Lejos del mundanal ruido

En la oda que lleva el título de este artículo Fray Luis de León invitaba a huir de los placeres terrenales y retirarse a la vida contemplativa lejos de la efímera vida de la corte y bullicio de las ciudades. Lo hacían monjes y monjas que practicaban, a raja tabla, la máxima de San Benito escrita, como epígrafe, en el refectorio o paredes de los monasterios, de ora et labora. Siglos antes el poeta latino Quinto Horacio se inspiró en la campiña que contemplaba en sus viajes desde Roma a Mantua, a través de la Vía Apia, para sus odas Carpe diem y Beatus Ille, por las que fue un adelantado en promover la vida tranquila en los campos lejos de la aglomeración, el ruido, el olor nauseabundo y la suciedad de la Roma de su tiempo. Se podría decir un adelantado ecologista.

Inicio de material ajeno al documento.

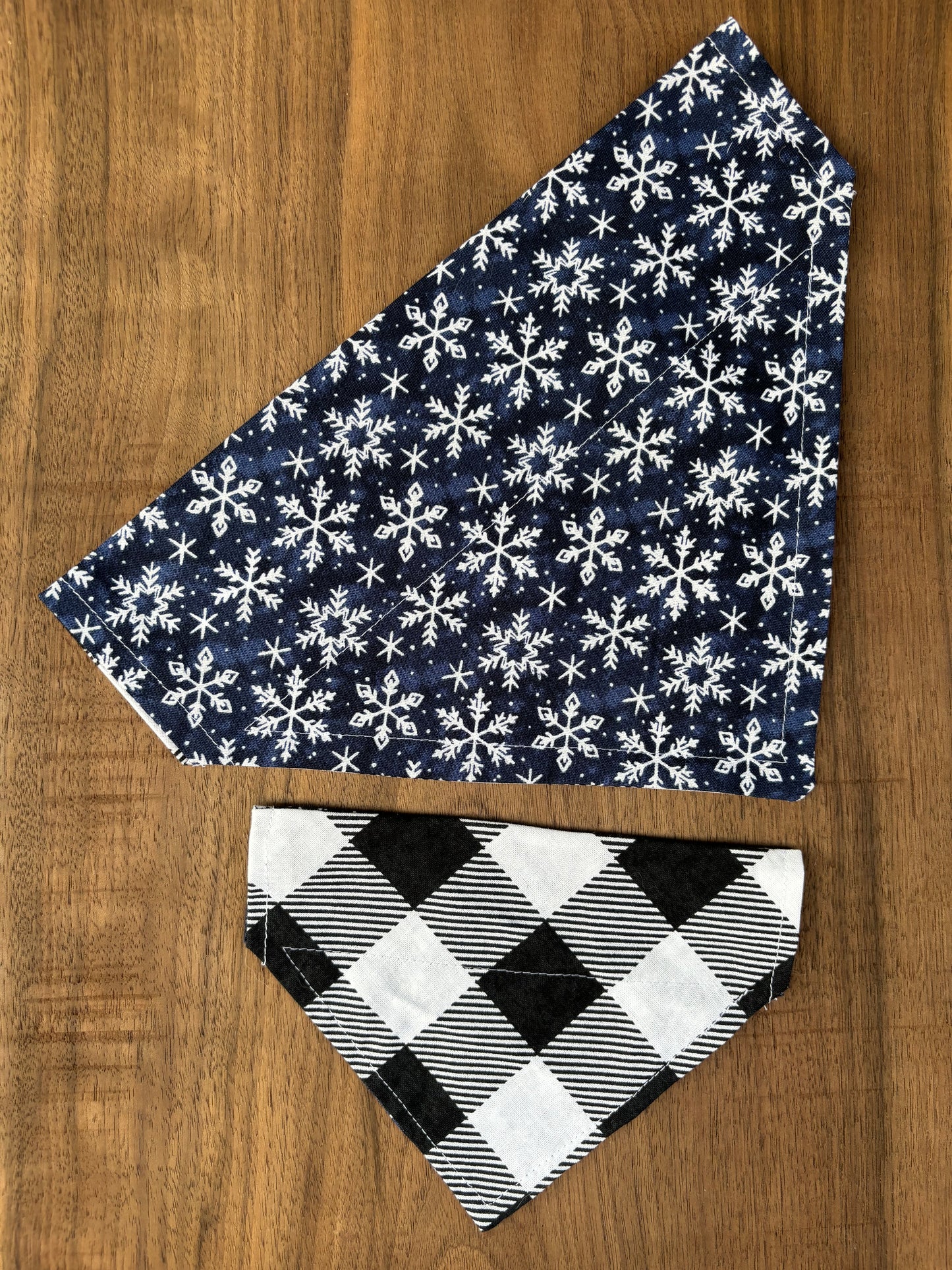 XS & M 🎄 Christmas Blue Snowflake/Black & White Plaid Bandana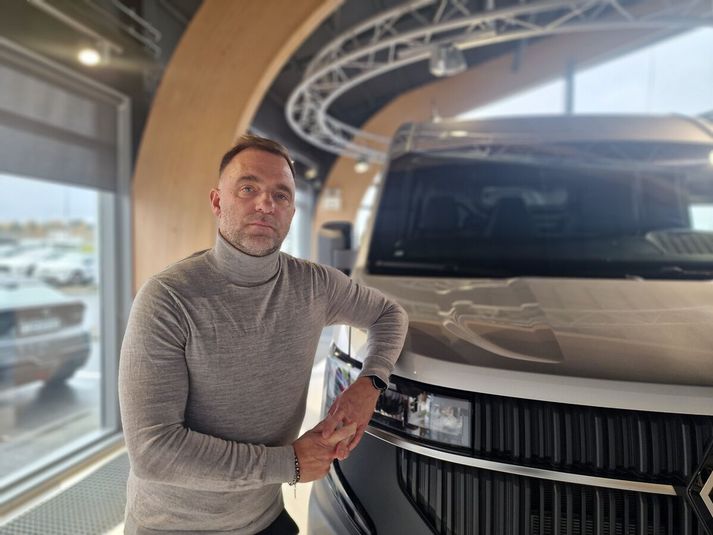 Benedikt Emilsson, verkefnastjóri fyrirtækjalausna hjá BL segir mörg fyrirtæki hafa rafvætt bílaflotann. Fagmönnum er boðið í morgunkaffi í dag á Sævarhöfða þar sem verða tilboð á völdum atvinnubílum.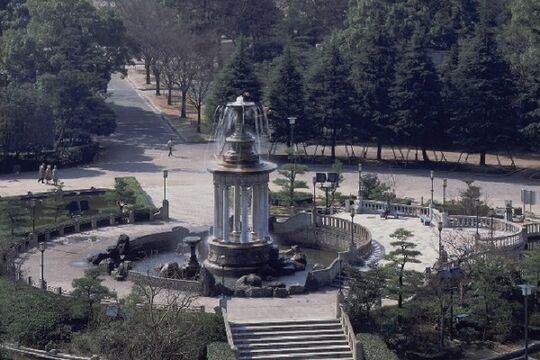 鶴舞公園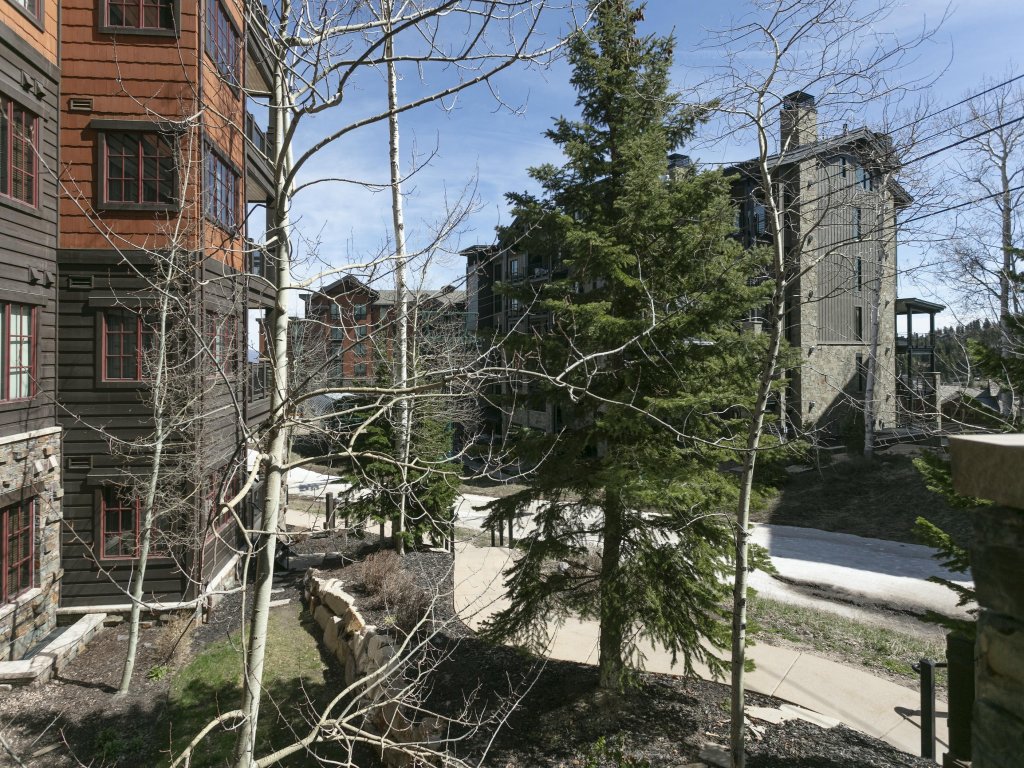Flagstaff 204 - Ski-In/Ski-Out Mountain Retreat | 3BR Vacation Rental in Park City - RedAwning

A primera vista nada de estas bondades de dos poetas, con idearios y fines distintos, de disfrute de la paz y el silencio solo alterado por el canto de los pájaros, las ranas al atardecer y el arado de los campesinos roturando la tierra parece inspirar a políticos de distinto signo y hábitat cuando apuestan e intentan promover porque la gente abandone las ciudades y traslade su residencia habitual a las zonas rurales. Los modernos urbanitas centran sus intereses, gustos, amistades, trabajos y diversiones en la ciudad y afirman que lo de vivir en los campos está para los pájaros. A lo mejor no saben que en la década de los años cincuenta se produjo una verdadera diáspora del campo a la ciudad porque las tierras no daban sino trabajos y que se creó un estereotipo del que se quedó para cultivar papas y millo, recoger fruta del tiempo, ordeñar leche y llevarla a las carreteras como hombre rudo, poco civilizado al que llamaban "maúro" o boyero. Pues bien, a lugares donde se pueden ver centenares de fanegas de tierra, no en barbecho, sino hoy baldías y a las casas solariegas de tejado a dos aguas son a las que, reformadas, intentan gobiernos de diferente signo y nivel hacer que vuelva la gente para convertirlas en formas de vida permanente. Se trata, un poco, de intentar que la gente apueste por aquellas casas o "arrimos" de campo que se han ido abandonando por aquello de que "solo sirven para dar más trabajo a las mujeres" y "ya los hijos son grandes". Para ilustrarlo basten dos ejemplos tan distantes en situación en el mapa y cultura como el Gobierno japonés, que concede 30.000 euros a aquellas familias dispuestas a abandonar las ciudades y trasladarse a vivir a los pueblos. Por su parte el Gobierno de Canarias, preocupado por la alarmante despoblación de pueblos como Artenara, Tejeda o El Tanque, propone dos soluciones, con una intención mucho más pragmática y si se quiere prosaica que las de Fray Luis de León u Horacio: unificar servicios en municipios mancomunados y bonificar con viviendas y subvenciones a las parejas que, con más de dos hijos, estén dispuestas a empadronarse, no solo para votar y pagar menos impuestos, en los pueblos de donde, quizá, procedan sus raíces.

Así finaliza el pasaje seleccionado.